Some people wonder why I am attmepting to solve what is a pretty complex problem without resorting to high powered computer applications and listing dozens of references. Part of the reason is I remember a comment that one climate scientist said, "Our undergraduates solve for climate sensitivity with back of the envelop calculations."
That's fine, if they can do it so can I. To me it is just an entertaining puzzle. Something to do to while away some time. So my goal is to shgow how to solve for climate sensitivity, ACCURATELY, with back of the envelop calculations.
One of the somewhat difficult calculations to do long hand is the S-B relationships. F~5.67e-8(T^4) is a little complicated. So I simplify like this;
5.67e-8 is the main constant in the Stefan-Bolzmann equation. I say main, because emissivity has to be considered and the average for space, 0.926 J/K varies as, well, the energy per degree with respect to the radiant properties of the source.
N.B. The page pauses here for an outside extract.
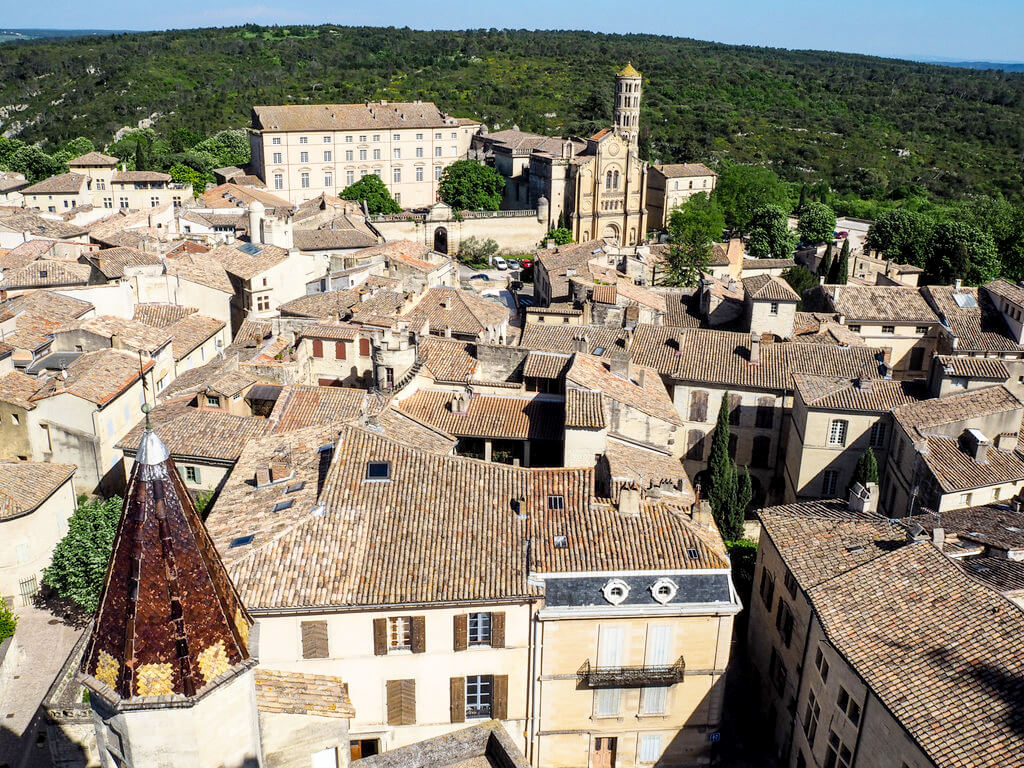 Wetter in Uzès im November 2025 Klima und Temperatur im November LanguedocRoussillon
One of the things we need to know is the combined emissivity of the various sources and the transmittance of the media between them.
For a CO2 doubling we can assume an object in the atmosphere is a S-B energy source. If it emits energy F at T1, then its difference in energy emitted at T2 would be,
dF/dT=[ 5.67e-8(T2)^4 – 5.67e-8(T1)^4]/(T2-T1),
Instead finishing a formal derivation, let’s just select a reasonable T2=255K and T1=254K then,
5.67e-8(255^4-254^4)/(255-254)=5.67e-8(42.3e8-41.6e8)/1=5.67*(0.7)/1, note that the e-8 and the e+8 can be added which simplifies the result to 5.67*0.7 equals 3.969= dF/dT @ dT254, or 4F/T @ 254K.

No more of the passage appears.